I regularly think and observe geographically.

I have noticed over several years at restaurants and elsewhere that (people who present themselves as) men generally take up far more room than is strictly necessary and far more room than women or male children. And apparently this phenomenon is called “manspreading” and has mainly received attention where public transportation is concerned.  

Men are more guilty than women of having their arms, legs, and any personal belongings positioned such that they occupy more space and as a result, seem bigger. For instance, when I’m at Panera Bread to get my drink, I’ll stand such that people can walk around me and can reach on either side of me. I don’t need immediate physical access to the entire soda machine, and there is no reason two or three people can’t use it at once. But, it’s nothing for another man to stand such that no one can do anything in the vicinity until he is finished.

Such use, such monopolization (?) of space, I’m sure is largely unconscious, but there it is and is nonetheless a manifestation of Male Privilege. 

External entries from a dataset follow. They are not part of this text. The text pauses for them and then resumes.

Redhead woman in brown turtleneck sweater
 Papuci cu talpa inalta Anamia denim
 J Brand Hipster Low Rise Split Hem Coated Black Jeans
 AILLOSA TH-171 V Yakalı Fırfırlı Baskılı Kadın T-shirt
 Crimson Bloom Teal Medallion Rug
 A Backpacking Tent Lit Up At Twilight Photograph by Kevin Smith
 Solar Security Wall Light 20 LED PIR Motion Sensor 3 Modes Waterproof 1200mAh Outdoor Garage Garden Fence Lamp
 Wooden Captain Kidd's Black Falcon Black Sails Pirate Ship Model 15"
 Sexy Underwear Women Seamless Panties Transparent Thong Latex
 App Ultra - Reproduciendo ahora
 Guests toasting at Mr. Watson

Similarly, when I am eating at restaurants, more and more often there is a little plate, bowl, or something coming all the time, in addition to sometimes a new glass for each refill. In a typical dining experience I might–through no autonomous choice–end up being given 5-7 plates of some kind or another, 2-6 glasses, plus silverware, and napkins. This all adds up, especially when viewed as an extension of the space I take up, and it tends to make me feel very uncomfortable. For this reason, I do my best to consolidate extra plates and whatnot as possible. 

This also makes me think about the geography of restaurants (more on the rhetoric of restaurants specifically in a forthcoming post). Too many restaurants have tables and booths that are far too small when you consider that people are taller and bigger than ever before. Given my 6’6″ height and leg brace, I need all the leg room possible, which generally means no one can sit in front of me, or I have to have my legs positioned in somewhat odd ways. And these tables are especially too small when we consider the space people take up vis-á-vis personal belongings such as cell phones and wallets and items brought out by the restaurant on large and numerous platters.  

And to be clear, I’m not thinking about concepts of “personal space” that inevitably differ greatly from culture-to-culture. I’m talking about the “raw” space a person takes up, both by reading their body and by reading their clothes, exact positioning of arms and legs, and use of objects as an extension of the self–all a combination of the voluntary, involuntary, conscious, and unconscious. Conversations about the space (or lack of space) between people would be completely different.